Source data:
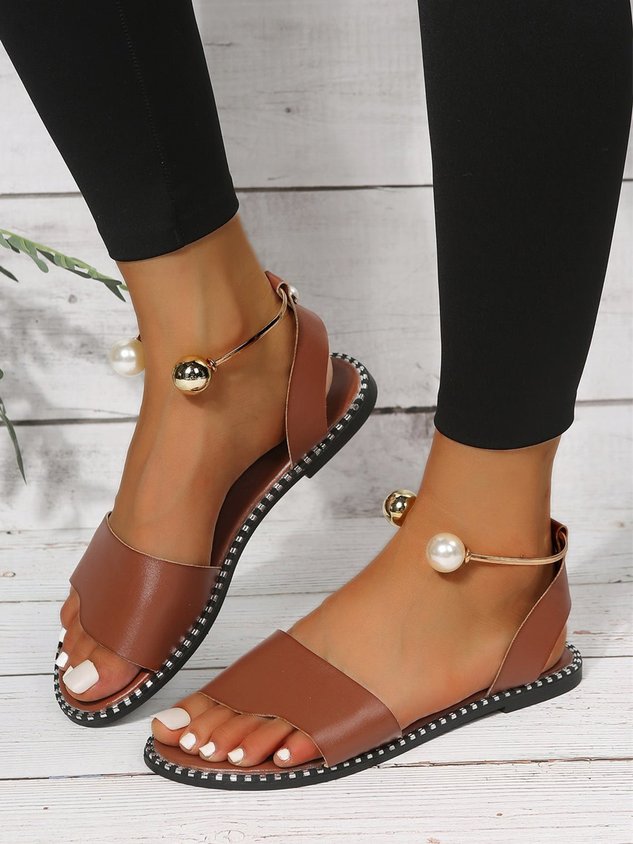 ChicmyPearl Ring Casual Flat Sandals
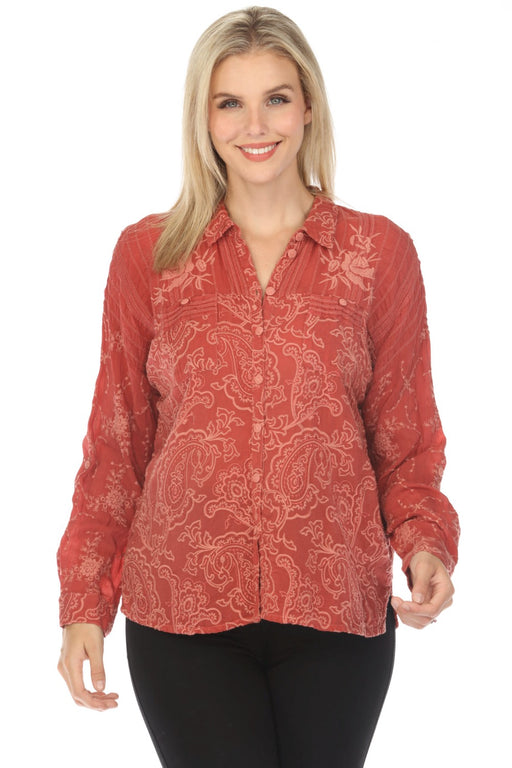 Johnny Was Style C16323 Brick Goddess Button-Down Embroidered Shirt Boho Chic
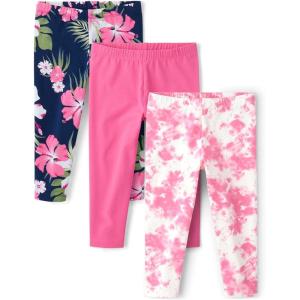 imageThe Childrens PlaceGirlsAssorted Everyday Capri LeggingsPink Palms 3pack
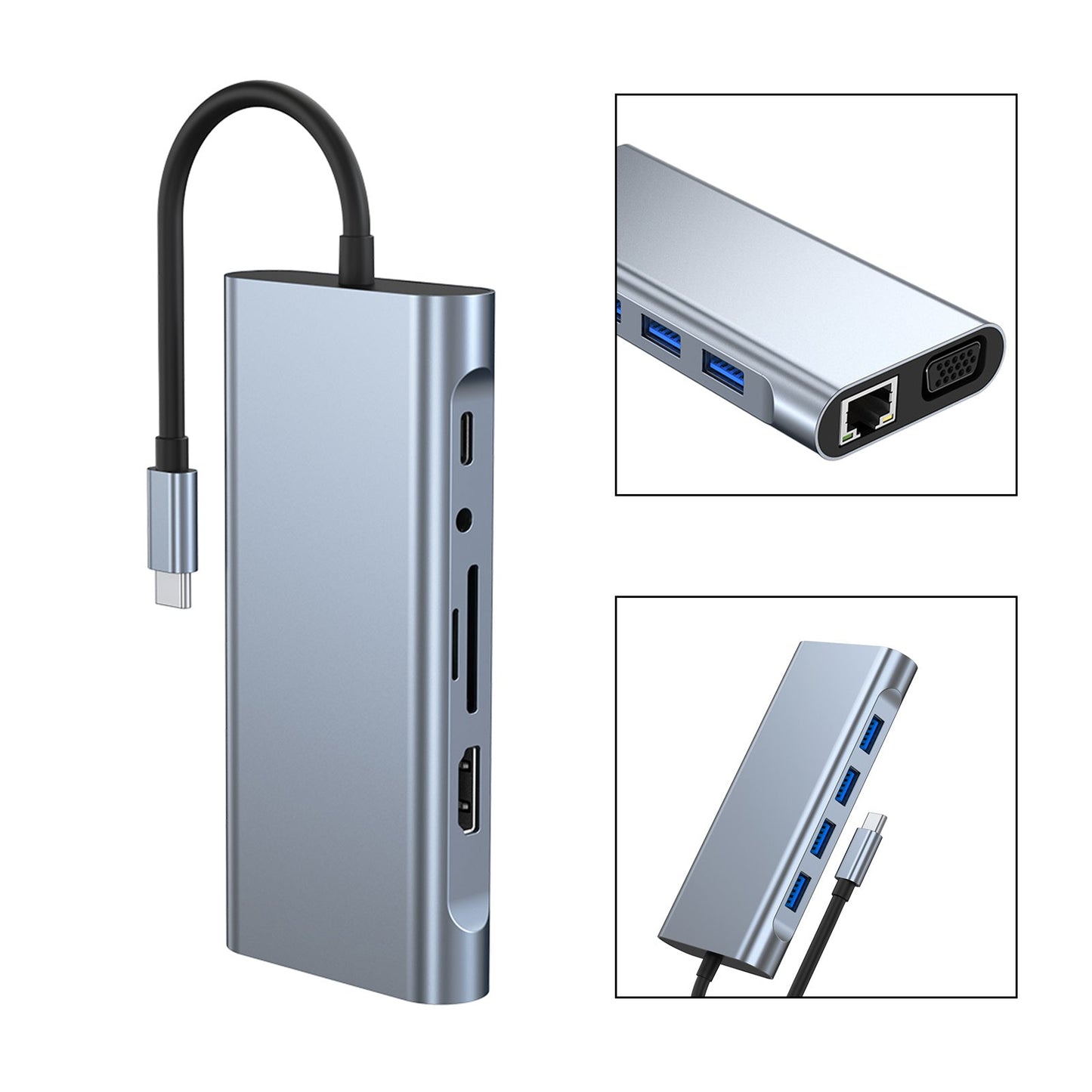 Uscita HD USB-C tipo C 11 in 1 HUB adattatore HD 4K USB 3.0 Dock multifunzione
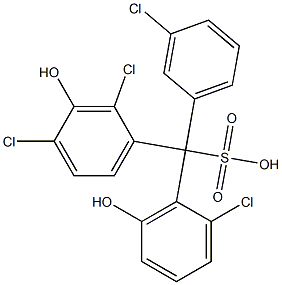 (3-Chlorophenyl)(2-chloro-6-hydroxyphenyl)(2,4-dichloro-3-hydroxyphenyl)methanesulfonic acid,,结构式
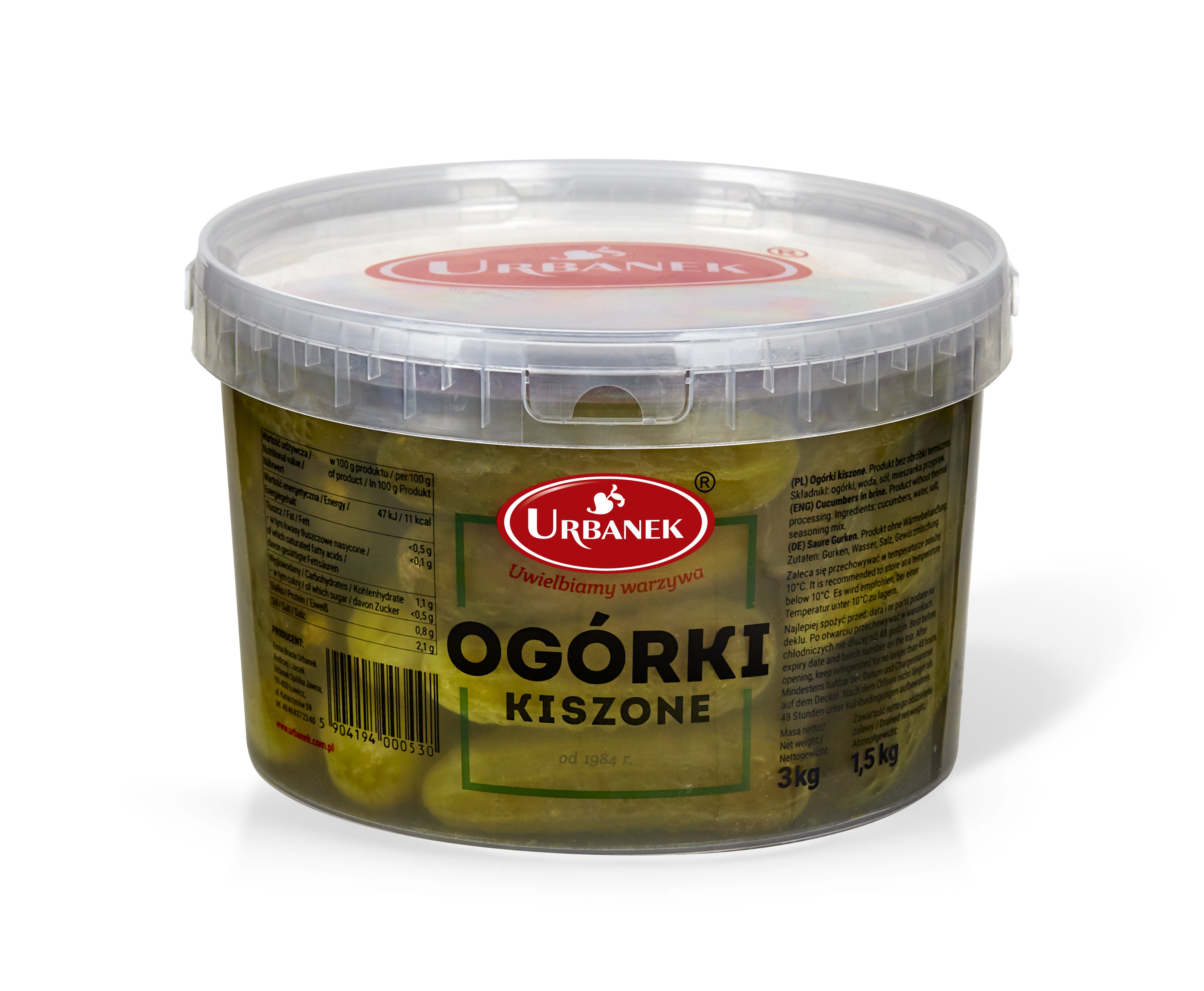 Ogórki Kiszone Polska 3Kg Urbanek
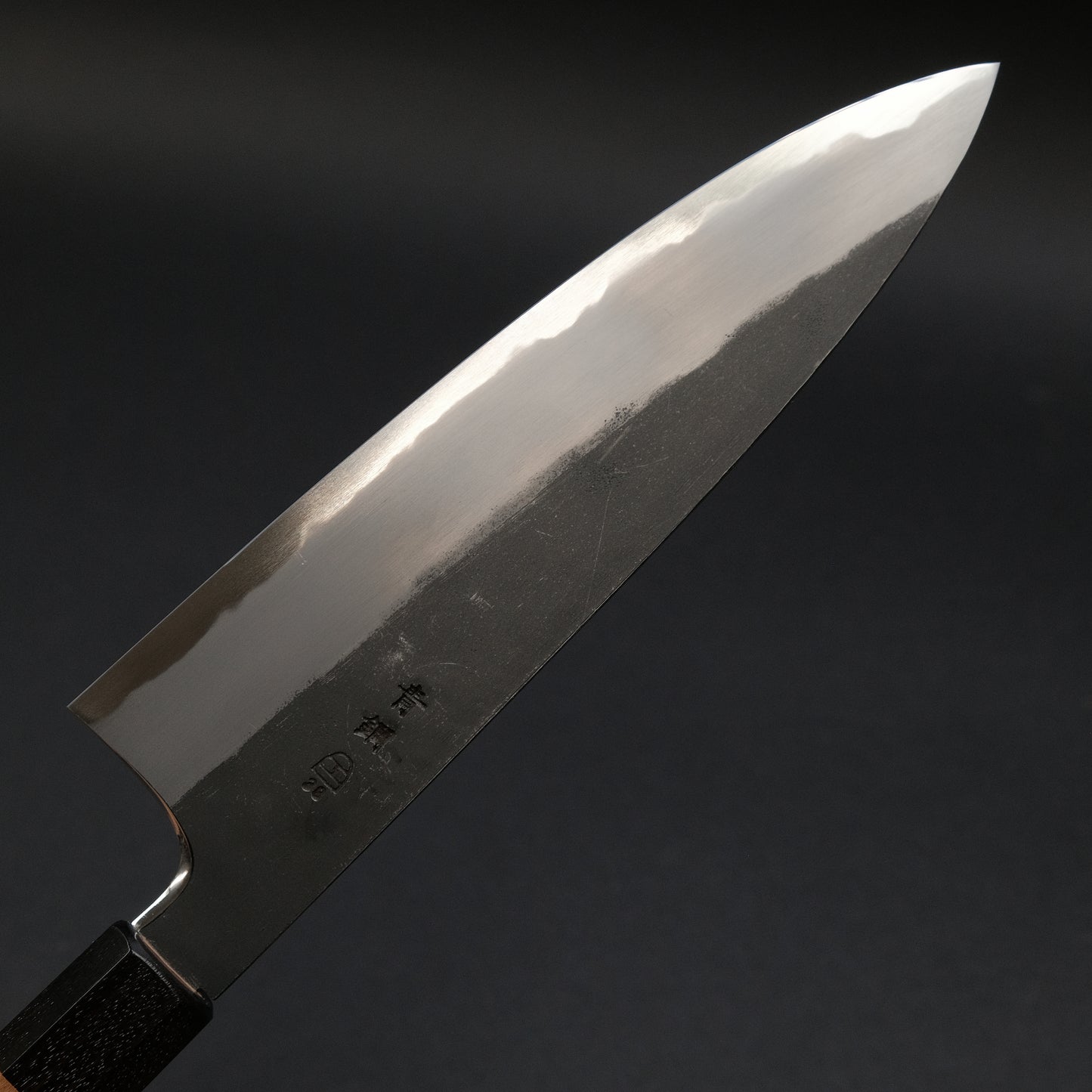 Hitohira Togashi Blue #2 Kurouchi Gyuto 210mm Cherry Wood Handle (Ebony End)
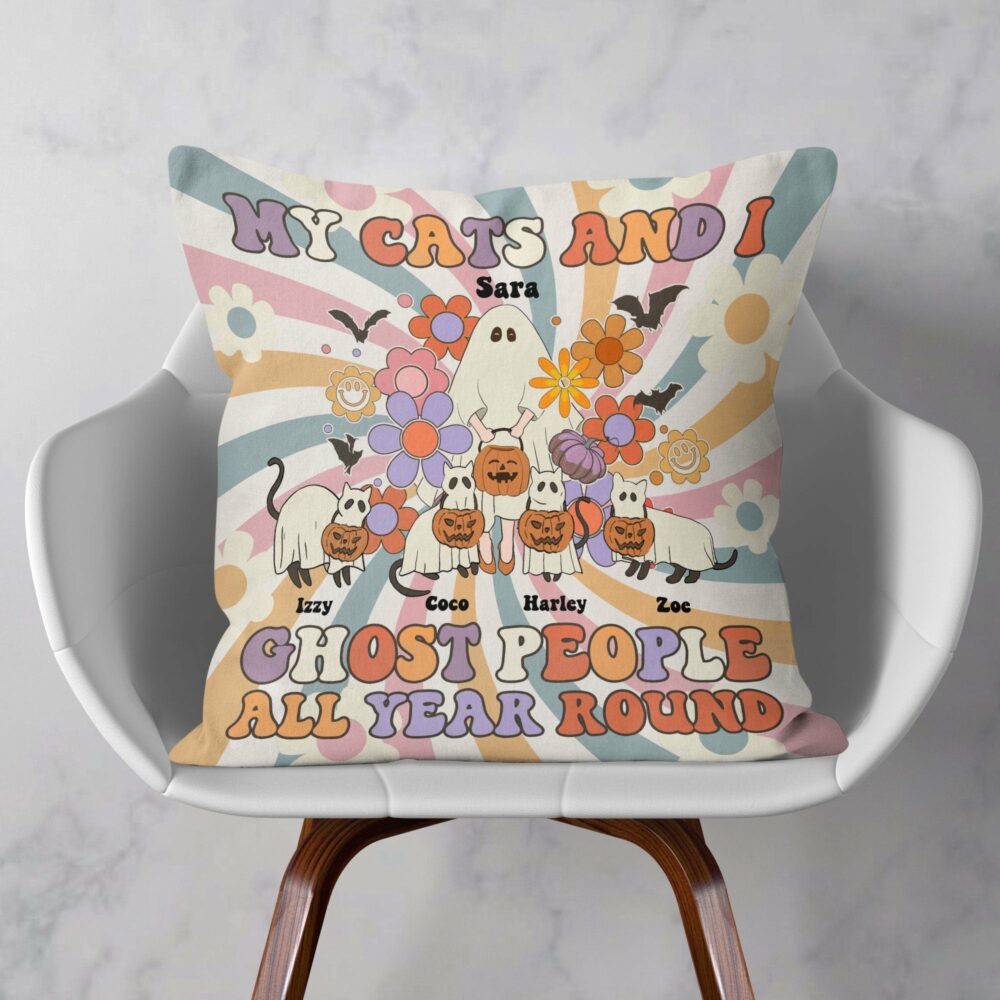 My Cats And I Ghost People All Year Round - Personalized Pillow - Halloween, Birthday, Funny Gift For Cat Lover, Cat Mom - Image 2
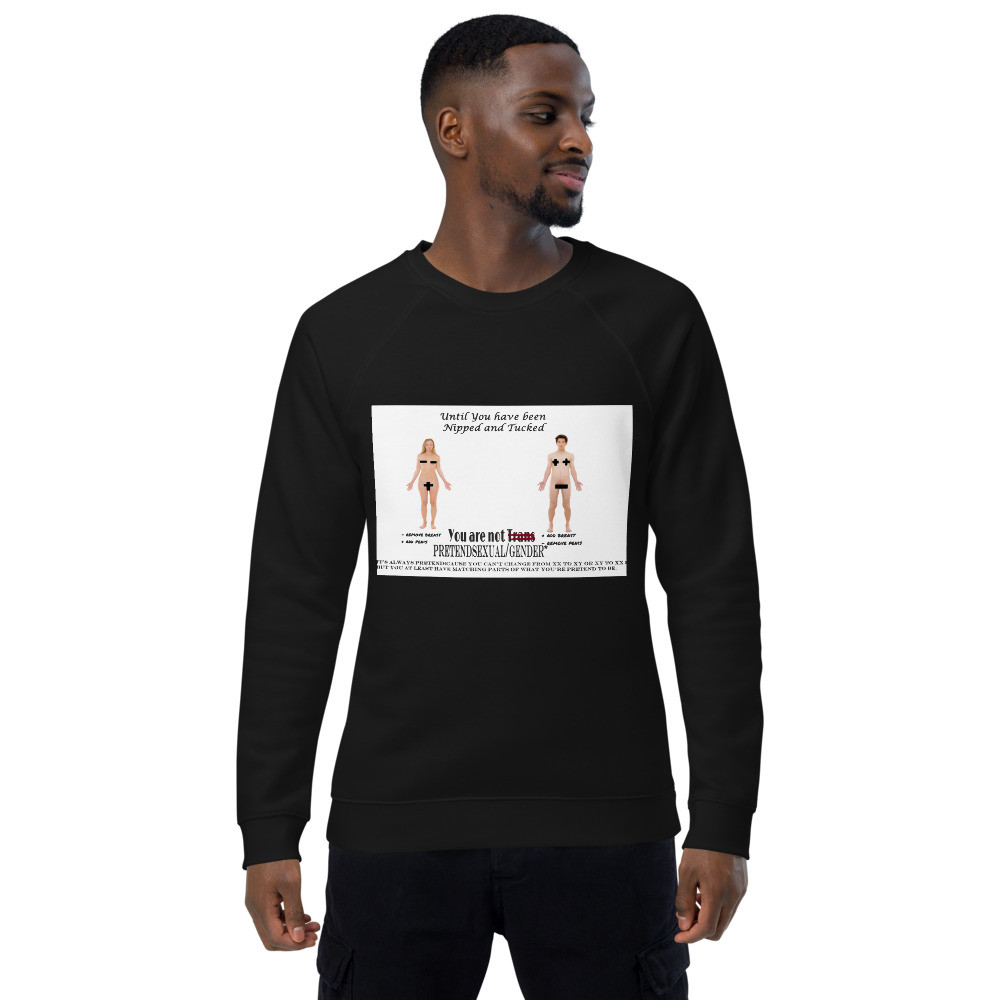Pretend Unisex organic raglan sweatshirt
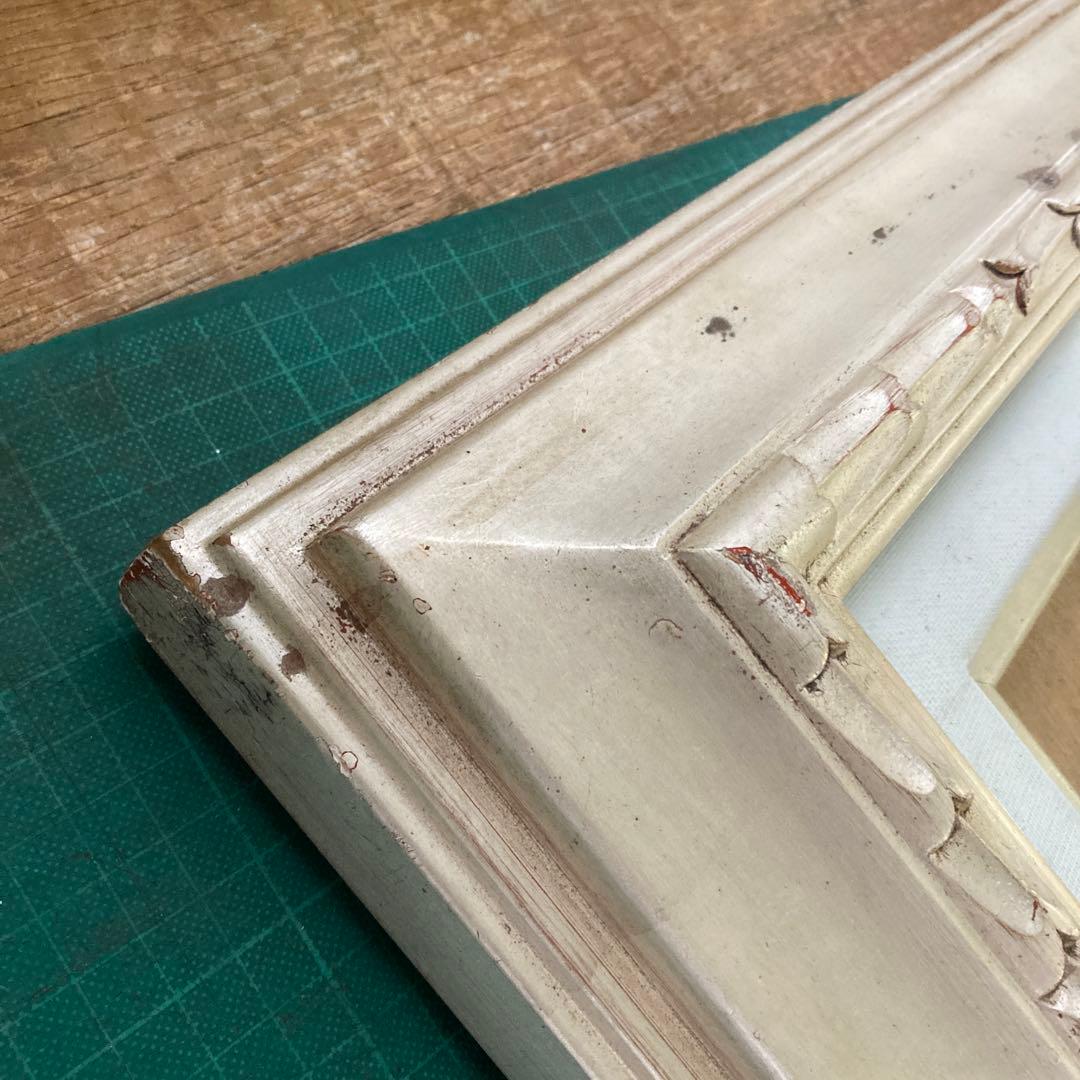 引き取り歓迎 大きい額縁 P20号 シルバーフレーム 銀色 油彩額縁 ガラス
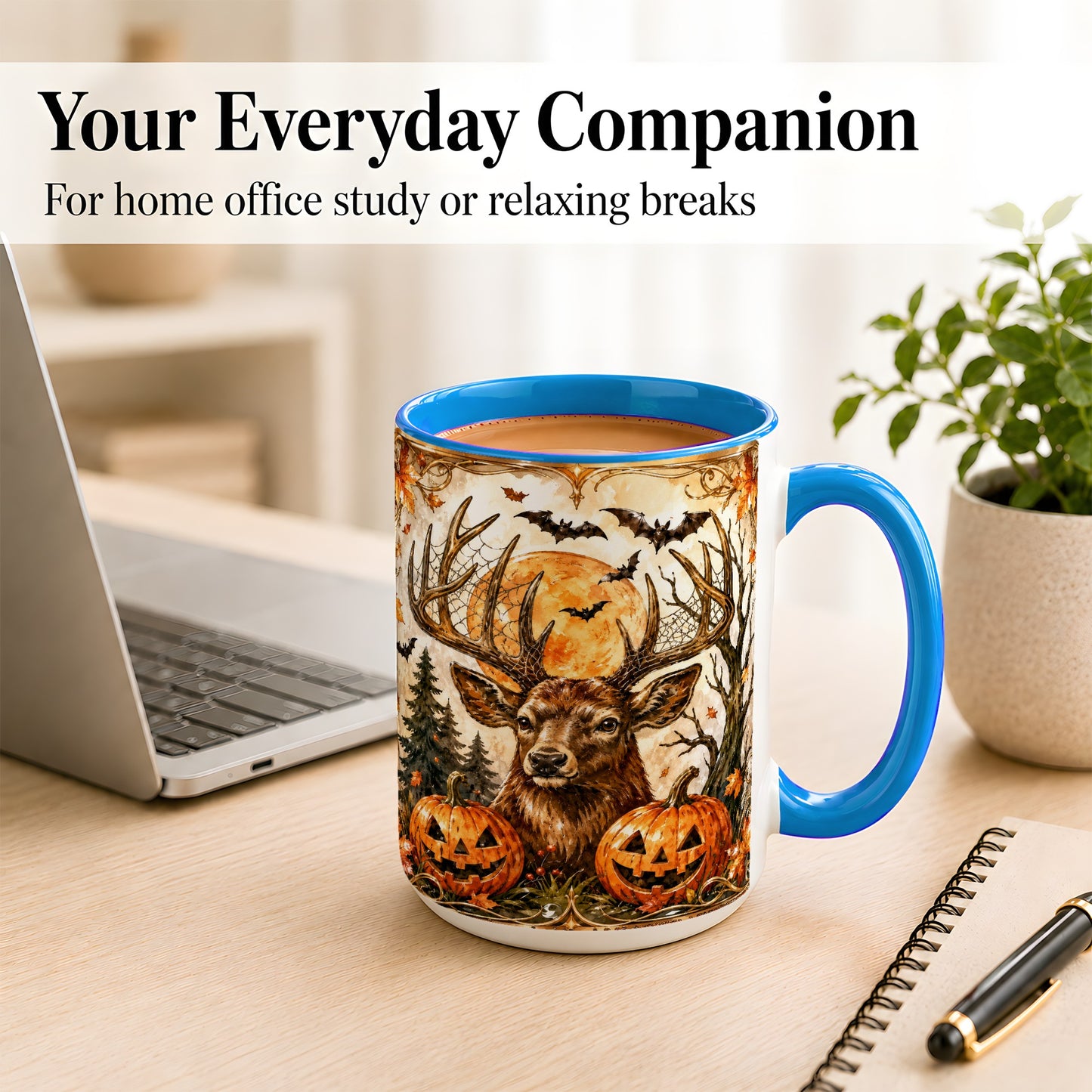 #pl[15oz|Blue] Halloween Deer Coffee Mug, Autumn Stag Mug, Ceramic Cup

### What the task asks
Copy exactly the lines from the first line of the records above through the line with "引き取り歓迎 大きい額縁 P20号 シルバーフレーム 銀色 油彩額縁 ガラス", both included, and nothing else. Pictures stay out.

### Answer space
 ChicmyPearl Ring Casual Flat Sandals
 Johnny Was Style C16323 Brick Goddess Button-Down Embroidered Shirt Boho Chic
 imageThe Childrens PlaceGirlsAssorted Everyday Capri LeggingsPink Palms 3pack
 Uscita HD USB-C tipo C 11 in 1 HUB adattatore HD 4K USB 3.0 Dock multifunzione
 (3-Chlorophenyl)(2-chloro-6-hydroxyphenyl)(2,4-dichloro-3-hydroxyphenyl)methanesulfonic acid,,结构式
 Ogórki Kiszone Polska 3Kg Urbanek
 Hitohira Togashi Blue #2 Kurouchi Gyuto 210mm Cherry Wood Handle (Ebony End)
 My Cats And I Ghost People All Year Round - Personalized Pillow - Halloween, Birthday, Funny Gift For Cat Lover, Cat Mom - Image 2
Pretend Unisex organic raglan sweatshirt
 引き取り歓迎 大きい額縁 P20号 シルバーフレーム 銀色 油彩額縁 ガラス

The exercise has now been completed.